This high consumption of scent supported a nascent perfume industry, formalized in 1656 in Grasse, France, with the creation of the Maîtres Parfumeurs et Gantier (the perfume and glove-maker’s guild). Alongside its favorable social-political milieu, Grasse’s microclimate fostered a burgeoning perfume industry in the region, where fertile soils nurtured fragrant flowers such as jasmine, rose, lavender, orange blossom, myrtle, mimosa, and tuberose. This economic activity, along with the formation of local perfume, helped establish France’s perfumeries as centers of both craft innovation and the formal study of smell.

“Smell”, from a series of plates depicting the ‘Senses’, French, ca. 1750. Credit: Cooper Hewitt, Smithsonian Design Museum.

The nineteenth century marked a decisive shift as techniques from pharmacy and organic chemistry began to elucidate molecules underlying fragrance. Building on earlier breakthroughs such as the isolation of morphine in 1804 (the first alkaloid ever extracted from a plant), chemists turned their attention to aromatic materials.

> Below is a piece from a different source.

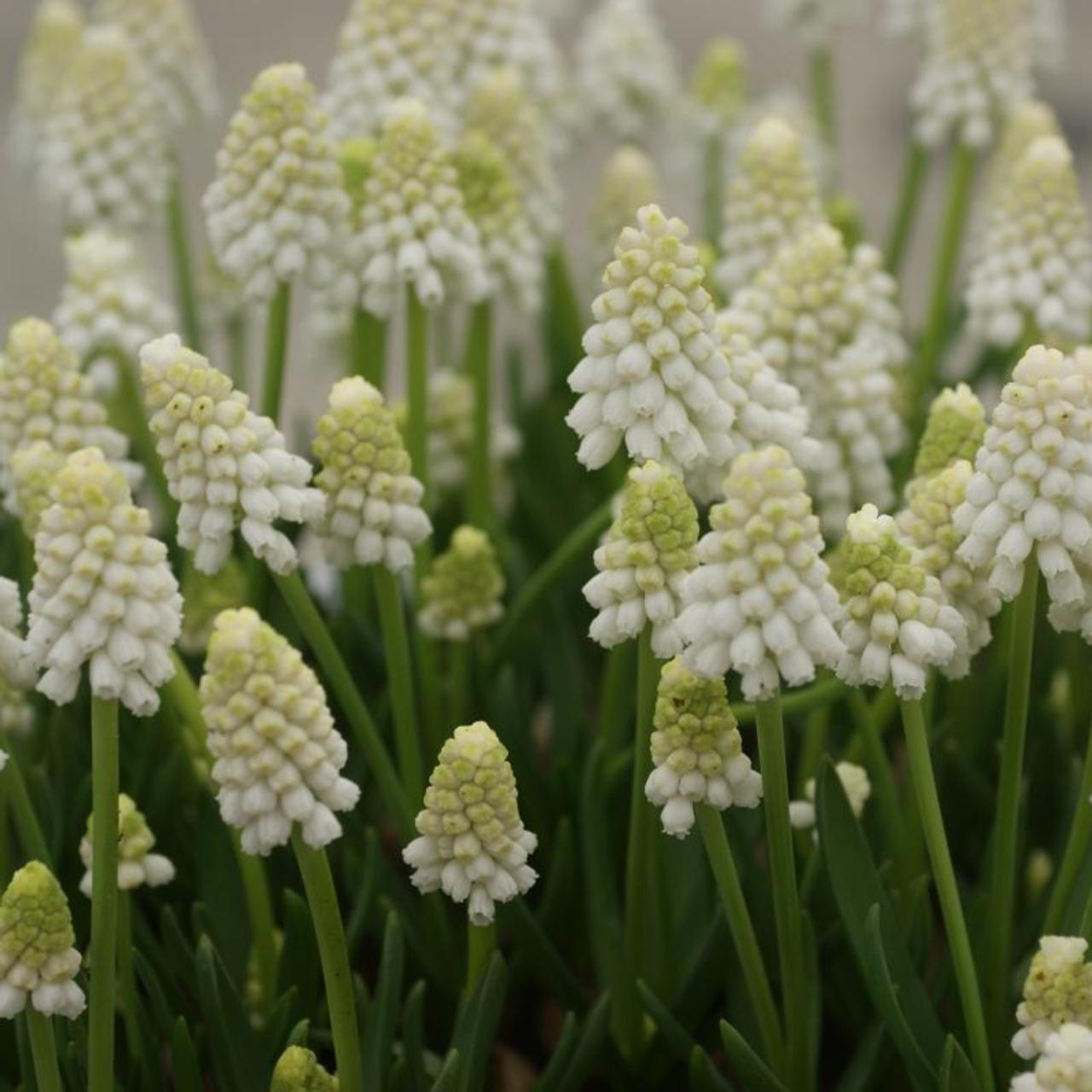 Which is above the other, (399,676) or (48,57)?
(48,57)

In 1820, the French pharmacist Nicolas Jean Baptiste Gaston Guibourt identified and isolated 2H-chromen-2-one, better known as coumarin, from the tonka bean (Dipteryx odorata). In an account presented to the pharmacy section of the Académie Royale de Médecine, Guibourt formally christened the new substance coumarine, marking one of the earliest instances of the chemical characterization of a fragrance compound. In 1858, another French chemist, Théodore Nicolas Gobley, succeeded in crystallizing vanillin from vanilla pods, confirming that odorants could be identified as discrete molecular entities.

For the first time, individual aromatic molecules — a resonant note of the rose, one iota of the vanilla pod — could be extracted from a larger, complex composition. Smell was being recast as a phenomenon amenable to classification and design.

Driven by advancements in organic chemistry and the introduction of the periodic table in 1869, fragrance chemistry blossomed. By 1882, Paul Parquet’s famous scent, Fougère Royale, featured coumarin, followed by Guerlain’s Jicky in 1889, and in 1921, Chanel No. 5 launched using an entirely new class of synthetic compounds, the aldehydes. The perfume industry eagerly adopted new techniques, including chromatography and fractional distillation.

Work station of French perfumer Jean Carles - born in Grasse (1892), founded the Givaudan perfume school, one of the ‘noses’ behind the original 1947 edition of Miss Dior. Credit: Anna Kozlova

Driven by advancements in organic chemistry and the introduction of the periodic table in 1869, fragrance chemistry blossomed. By 1882, Paul Parquet’s famous scent, Fougère Royale, featured coumarin, followed by Guerlain’s Jicky in 1889, and in 1921, Chanel No. 5 launched using an entirely new class of synthetic compounds, the aldehydes. The perfume industry eagerly adopted new techniques, including chromatography and fractional distillation.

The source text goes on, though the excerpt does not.